Wednesday, May 23, 2012

Happier tales

And on to better things, since everything is out of my hands now.  I've done what I could to get the ball rolling on the plagarism matter.  And if it happens to turn into an avalanche, well...overall, though, I can say that I'm satisfied with the steps the university has taken so far in pursuing this matter, and I just hope that An and I can resolve this before it gets much further.

For several years, now, I've received invitations for a fiction writing contest in Philadelphia Stories, but this is the first time that the contest rules have allowed people "originally from the US" to enter.  Up until now, I had been stuck with stories that I wanted to enter but couldn't, owing to my expat status.

Fear not, Bouke, I will not be entering "Forgotten".  

But it does make me somewhat optimistic about another short story I've written, titled "Made" (I'm a one-word  person, apparently), finally seeing the light of day.  Being almost twice as long as "Forgotten", and three times more layered, has made me wary of submitting it anywhere, since word count limits are rather strict.  It remains, after all these years on my hard drive, one of my favorite pieces that I've ever written--delightfully tragic, in every sense of the word.  That being said, it still requires a substantial bit of editing, and to get myself "in the game" of writing fiction again, I've been reading a lot of fiction.  In no particular order:

Perfume:  the Story of a Murderer, by Patrick Suskind:  Strangely metaphysical, beautifully written, and, as in the movie, you're left with a disquieting sense of unease about what it means to pursue beauty.

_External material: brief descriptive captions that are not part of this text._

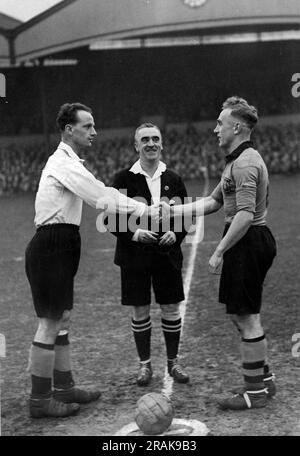 Wolverhampton Wanderers Fußballer Billy Wright und Tom Finney in den späten 40er Jahren Stockfoto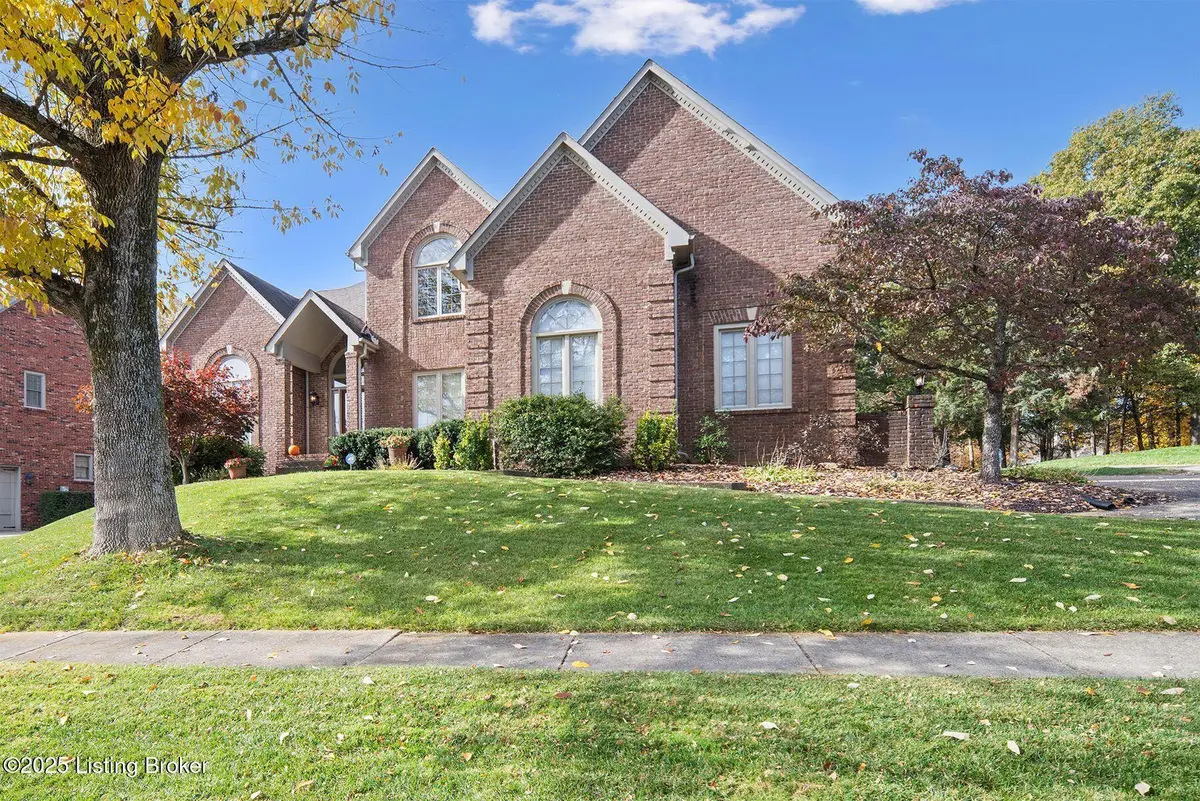 14907 Forest Oaks Dr, Louisville, KY 40245 - Image #1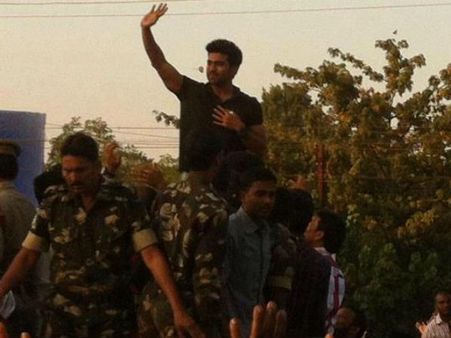 రామ్‌చరణ్‌ రాక : తోపులాట, లాఠీఛార్జి,గాయాలు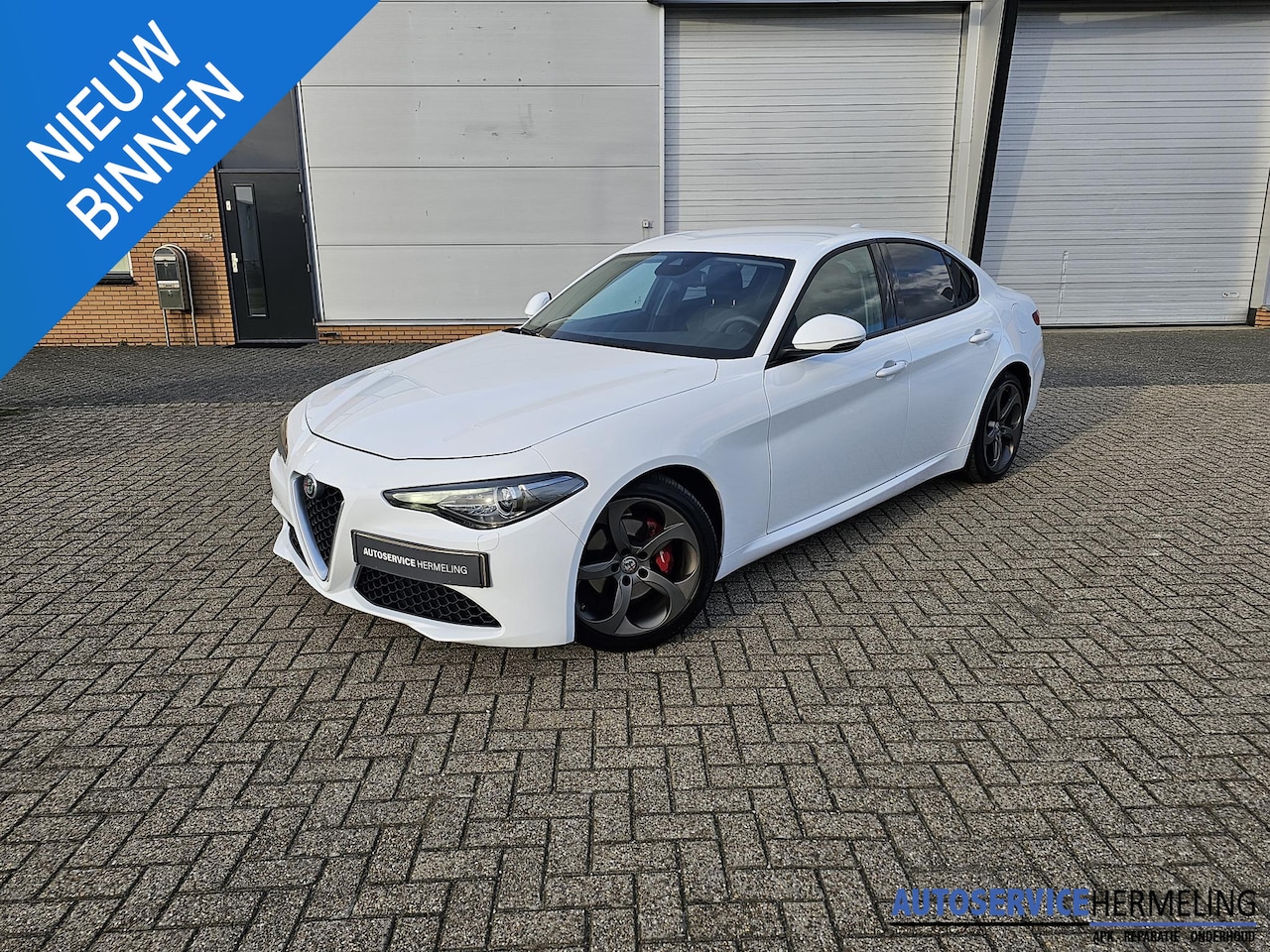 Alfa Romeo Giulia - 2.2 Eco Business NL-auto NAP Leer Xenon Trekhaak Navi - AutoWereld.nl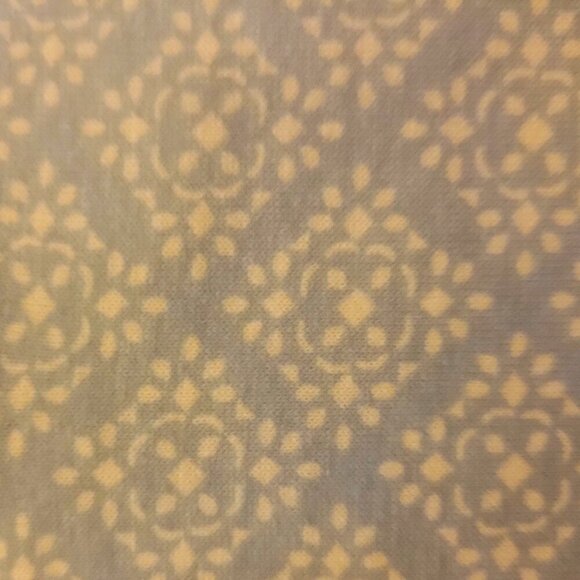 Blue Mountain Short Sleeve Blue & White V-Neck T-shirt - Never Worn - Size L - Picture 5 of 6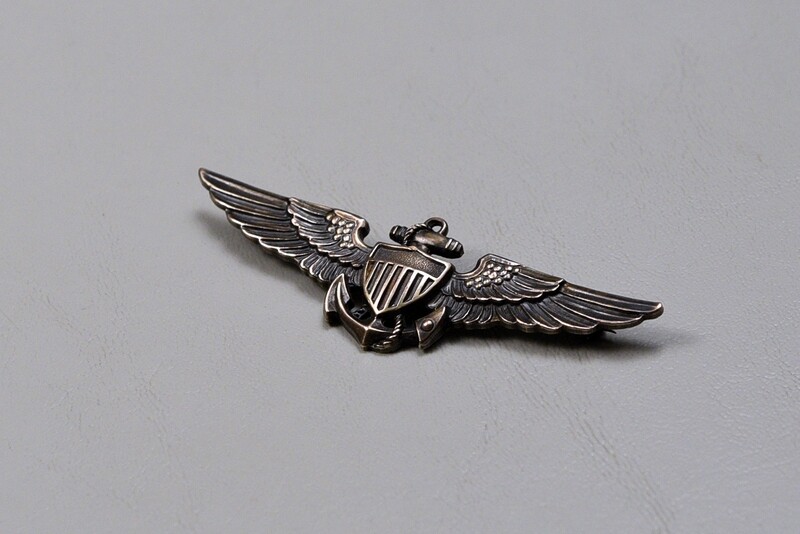 WWII U.S. NAVY PILOT'S WING - PIN BACK, STERLING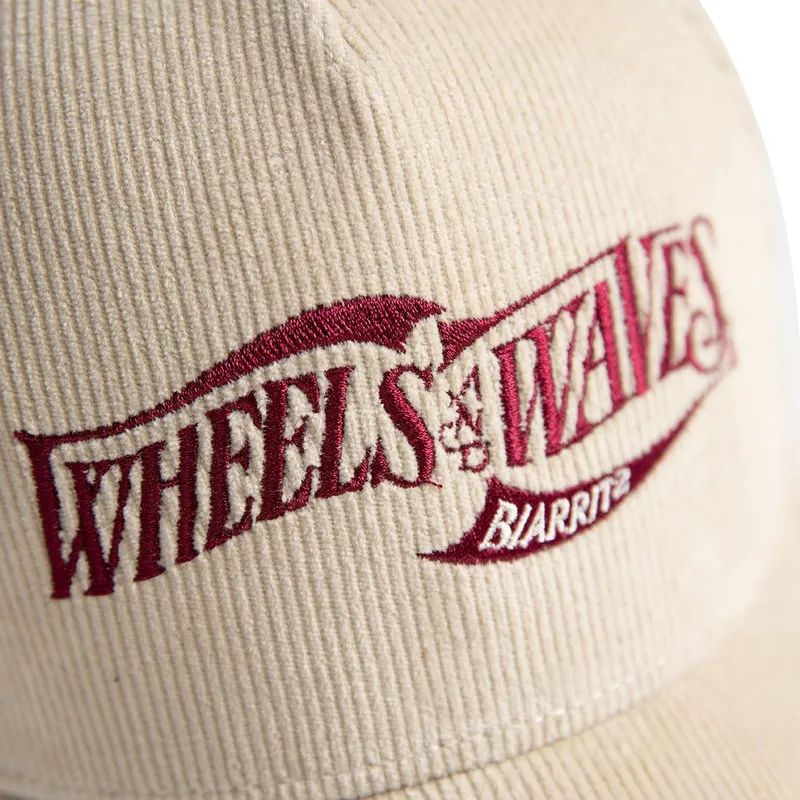 cap-zaoblena-beige-adjustable-strap-wheels-and-waves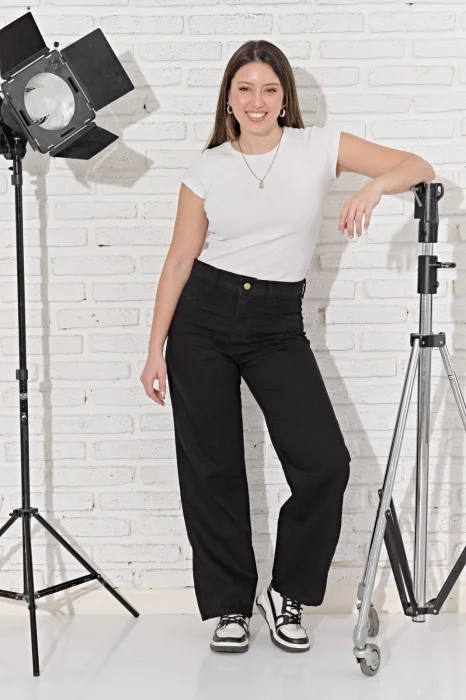 Wide Leg Negro Liso Rigido!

Saving Fish from Drowning, by Amy Tan:  Not my usual choice of authors, for all that I loved The Joy Luck Club.  For a while she was writing these stories about women who'd been through unthinkable tragedies, heartache, pain, suffering--in small doses, it is riveting stuff.  In large quantities, it numbs you to the sadness of everyday existence.  So when I picked up this book, it was because it wasn't the "usual":  eleven tourists on a mishap-ridden trip to Burma disappear without a trace.  They are being followed by the spirit of the woman who was supposed to be their tour guide.  Surprisingly free from a lot of gruesome things (at least, until the very end), it is a wonderful meditation on the consequences of intentions.

The Big Sleep, by Raymond Chandler:  Again, not my usual choice.  This was a book that I'd chosen from the stack of books that Dan and Amanda were going to get rid of before moving back to the US.  Snarky, snappy, 1930s-detective fun.  But while I loved the language and the excitement--gunfights! blackmail! sexy cars! naked women!--the big reveal, the moment when you find out how everything links together, was a bit of a disappointment.  I'm not sure why--perhaps it was because everything was so mysterious, and then to have what was essentially base human desires at the bottom of it all, with a mental-illness copout, just sort of puts a damper to things.

The One from the Other, by Phillip Kerr:  Also from the pile of about-to-be discards of Dan and Amanda. I was surprised that I could enjoy it so much, given the era--post-Marshall Germany--and the guilt that books set in that time period usually entail.  I found Bernie Gunther's amorality to be, ironically enough, the most moral of the entire lot of characters.  And I must say, the plot lines were ingenious.  It has also done the almost-impossible, which was to get me curious about the other Bernie Gunther books.

Smart Swarm:  Using Animal Behavior to Change our World, by Peter Miller:  Technically this doesn't count as fiction, because it's not.  But it's what I call "science-lite"--science written with a general audience in mind, and therefore skimming over things such as flaws in the data, exceptions, and, perhaps the most glaring omission of all, is the dangers of mob mentality (he does touch on the subject, but stops short of drawing a clear line between utilizing a smart swarm and falling victim to "everybody's doing it").  That being said, it is a fascinating read and offers surprising insights into how stupid animals--ants, termites, fish--do incredibly smart things.  And it makes those cute little quadrotors that much more creepy.